E-Komponist zu sein heißt, sich wie das ewige Sorgenkind in der GEMA zu fühlen. Entweder kommen gar keine E-Komponierenden zu den Sitzungen, weil ihnen das ganze Zahlenwerk der GEMA fremd ist oder ihnen jeglicher Sinn für das Geschäftliche fehlt. Oder wir kommen doch, werden begutachtet wie ein seltsames exotischer Tier, das gerade aus dem Zoo entlaufen ist, heben schüchtern die Hand und erinnern daran, dass es vielleicht doch irgendwie wichtig ist, nicht nur an Erträge, Klickzahlen und Umsätze zu denken. Und hey, da gibt es doch so eine crazy Musik, mit der man nichts verdienen kann (das Durchschnittsalter der ordentlichen Mitglieder in der E-Musik liegt mangels Aufkommen 5 Jahre höher als das der anderen), die aber Innovation und neue Klänge oder neue Konzepte sucht und doch auch irgendwie wichtig ist.

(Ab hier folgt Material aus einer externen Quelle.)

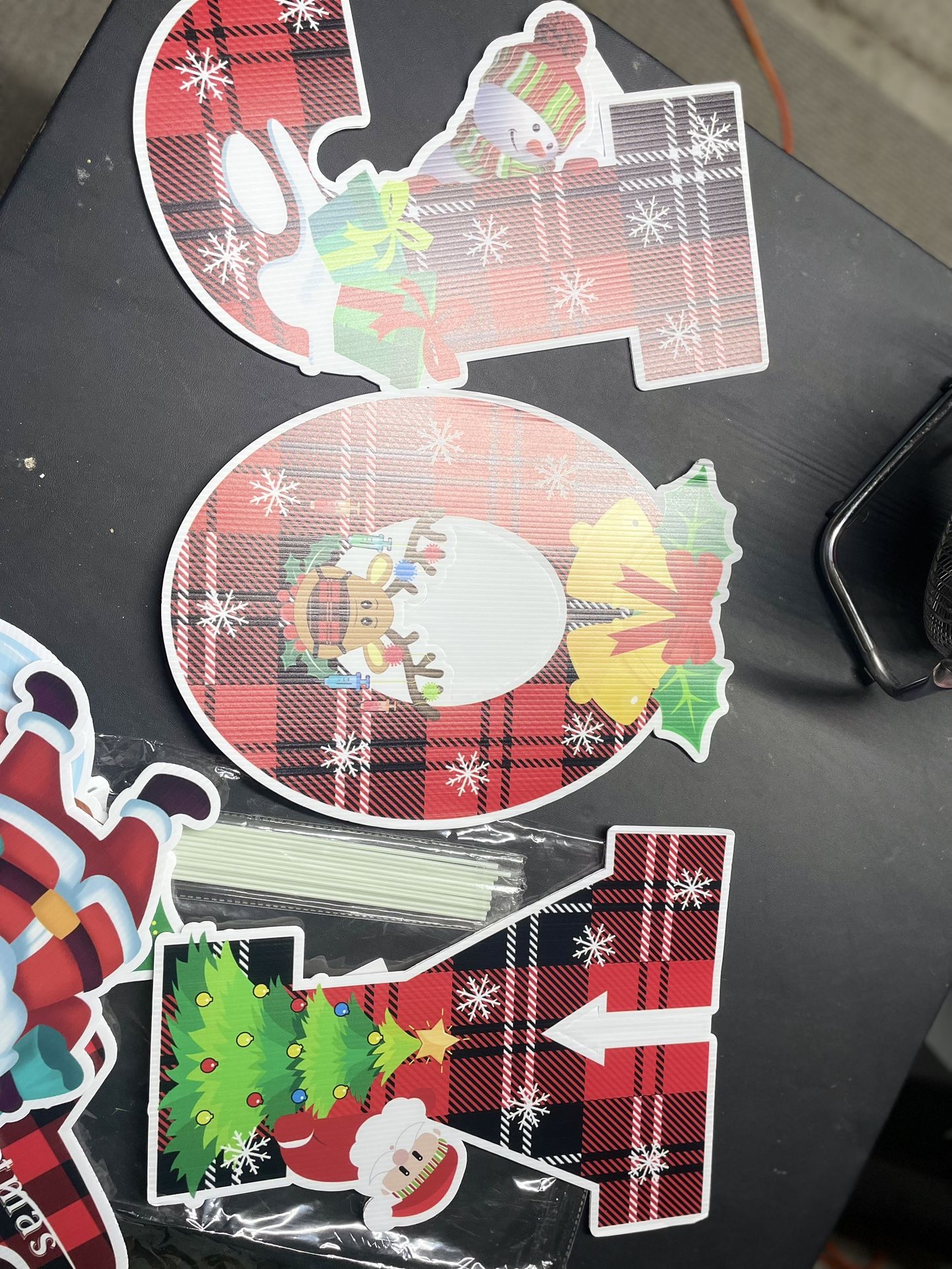 Christmas Decor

Zwischen dem, was manche vielleicht als weltfremde Träumerei empfinden (andere wiederum als echten Wert zu begreifen in der Lage sind) und der knallharten Realität der Majors, Streams und Online-Lizenzen gibt es zweifellos einen riesigen Kontrast. Ich weiß, dass es viele tolle Kollegen aus U gibt, die diesen Kontrast zu schätzen wissen. Gerade deswegen tut alles im Moment auch so weh.

Wenn ich eines sicher weiß, dann ist es, dass seit nun mehr 30 Jahren (so lange bin ich schon bei den Sitzungen dabei) irgendwie immer gefühlt gerade die E-Musik und die kulturelle Förderung auf dem Spiel steht, weil irgendwelche ominösen Mächte von außen Druck auf die GEMA ausüben und kurz davor sind, der GEMA erfolgreich ihren Willen aufzuzwingen. Wer exakt diese Mächte sind, erfährt man nie so genau. Manchmal sind es irgendwelche berühmten Bands, die ihre Werke lieber direkt lizensieren wollen und damit die GEMA außen vor lassen. Oder es sind andere Verwertungsgesellschaften wie die PRS (gerade massiv in der Kritik von ihren eigenen Künstlern), die nicht mehr einsehen, warum die GEMA Systeme hat, die einen „Quatsch“ (?) wie „German Classics“ unterstützen. Oder es sind Sony oder Universal oder vielleicht irgendwas, das inzwischen Elon Musk gehört. Oder es sind alle zusammen, manchmal auch Kräfte von innen, denen man zuvorkommen will. „Die Zeit drängt“ sagt man auch jetzt. Man würde nur gerne besser verstehen, warum exakt jetzt und warum plötzlich alles so schnell gehen muss, wenn man noch gar nicht weiß, wo die Reise hingeht in den nächsten Jahren (allein das Thema KI ist ein riesiges Fragezeichen und vielleicht ein wesentlich drängenderes Thema).

Ich schreibe das nicht, weil ich der GEMA das alles nicht glaube. Vielleicht ist wirklich jetzt das letzte Gefecht – allein die Vorsicht gebietet, den Ernst der Lage auch so wahrzunehmen. Dennoch hat sich die Argumentation zwangsläufig über die Jahre abgenutzt.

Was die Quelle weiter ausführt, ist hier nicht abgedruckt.